Quindi l’INPS  può rilasciare un “secondo” parere favorevole anche se il contribuente non ha pagato le rate concesse con il “primo” parere , ed allora tale constatazione induce a riflettere sul seguente esempio:

- Tizio, che intende partecipare ad una procedura di appalto, ha presentato all’INPS una domanda di rateizzazione del debito contributivo; l’INPS, tuttavia, non ha rilasciato il parere favorevole entro il termine di scadenza della domanda di partecipazione, e quindi Tizio viene escluso.

- Caio, invece, che si trovava nella stessa condizione di Tizio, era riuscito ad ottenere il parere favorevole dell’INPS prima della data di scadenza della domanda di partecipazione, ma, prima della determina di aggiudicazione, cessa di pagare le rate: quindi in teoria il precedente parere favorevole dell’INPS dovrebbe essergli revocato e pertanto Caio dovrebbe essere escluso. Invece non accade questo: Caio può ottenere dall’INPS un nuovo parere favorevole e quindi non solo rimane nella procedura di appalto ma ne potrebbe addirittura diventare aggiudicatario.

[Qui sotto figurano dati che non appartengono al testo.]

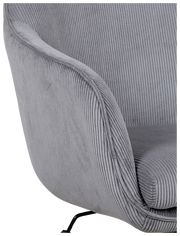 Grauer Drehstuhl mit geripptem Stoffbezug, seitliche Perspektive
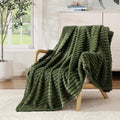Monbix Olive Green Fleece Throw Blanket for Couch- Room Decor Soft Cozy Blankets for Women, Lightweight Fleece Flannel Bed Blanket Suitable for All Seasons(50"×60",Olive Green)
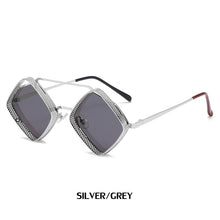 Load image into Gallery viewer, mimiyou SteamPunk Hollow Rhombus Sunglasses Men Retro Alloy Sunglasses Women Glasses Brand UV400 Eyeglasses Shades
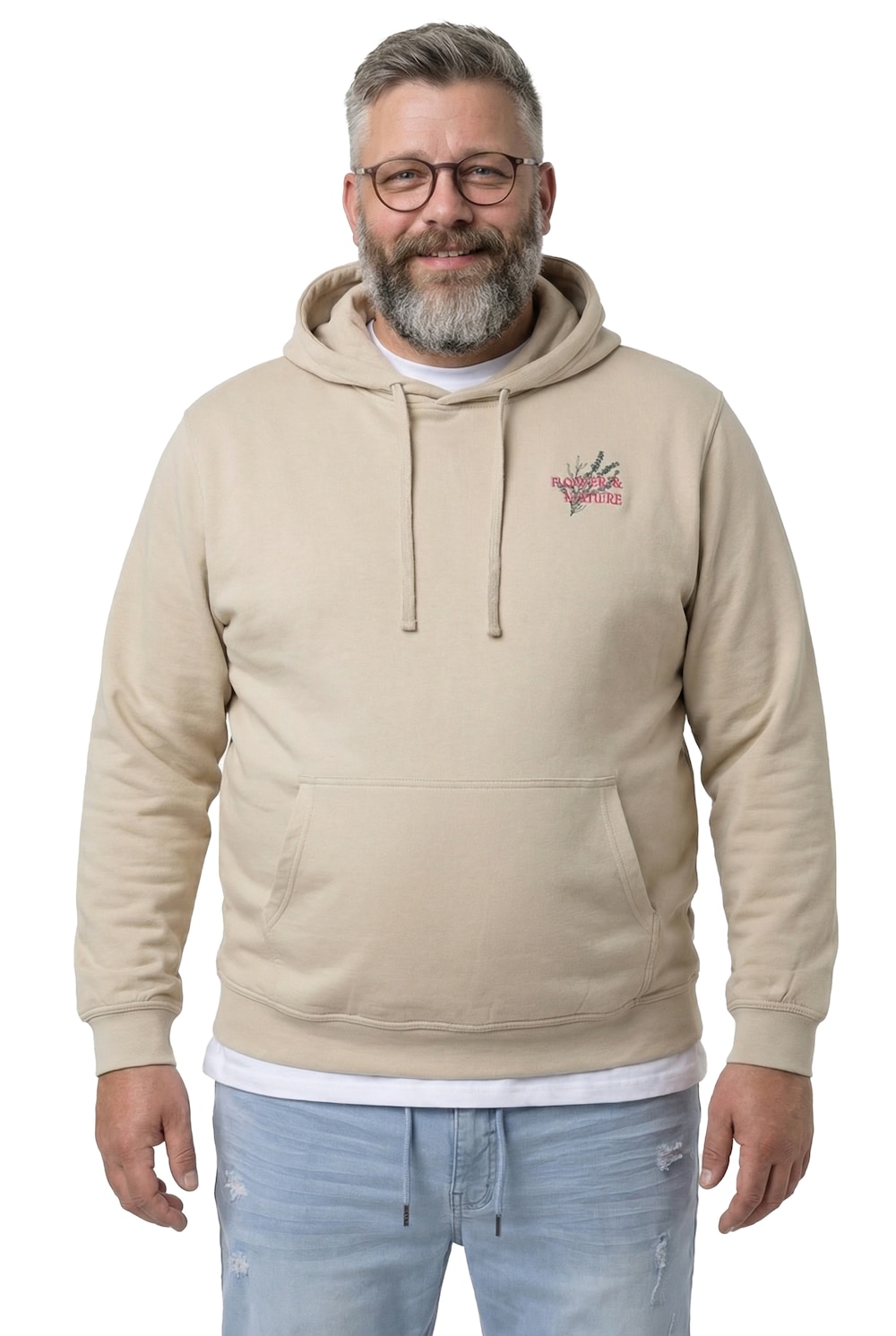 Stora storlekar Hoodie, Her, beige, storlek: 4XL, Bomull, Men Plus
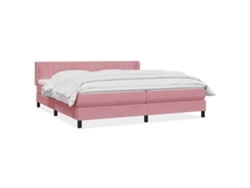 Maison Exclusive - Cama Box Spring Con Colchón Terciopelo Rosa 180x210 Cm
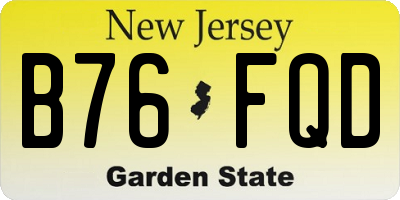 NJ license plate B76FQD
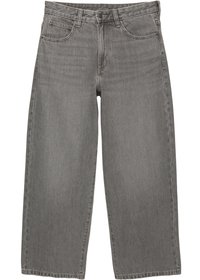 Graue Denim-Hose mit weitem Bein, vorderem Knopf- und Reißverschluss, Gürtelschlaufen und Fünf-Taschen-Design.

A questo punto, allora, sorge spontanea una considerazione: se il parere favorevole INPS può essere rilasciato anche dopo che il contribuente non ha pagato le rate di cui alla prima rateazione concessa, e quindi anche dopo un acclarato inadempimento di quest’ultimo, a maggior ragione allora lo stesso parere favorevole dovrebbe poter essere emesso in favore di chi si è solennemente assunto l’impegno di pagare le rate e, nell’attesa del parere dell’INPS, deve ancora iniziare a pagare:

altrimenti accade che chi ha ottenuto dall’INPS il parere favorevole prima del termine di scadenza previsto dal bando, può partecipare, e può inoltre rimanere in gara anche se poi smette di pagare le rate (vedi parere favorevole concesso per la seconda volta), mentre chi non ha avuto la “fortuna” di ottenere tale parere prima del suddetto termine non viene ammesso a partecipare anche se, di fatto, non è ancora stato “inadempiente” (per l’ottimo motivo che l’obbligazione del pagamento deve ancora iniziare a decorrere!), e magari, una volta che fosse stato ammesso a partecipare, avrebbe puntualmente e diligentemente adempiuto al pagamento di tutte le rate della dilazione.

A parere di chi scrive, pertanto, il Consiglio di Stato, nel confermare la legittimità del provvedimento di esclusione adottato nei confronti della ricorrente, non ha tenuto conto della disparità di trattamento tra le due situazioni sopra descritte.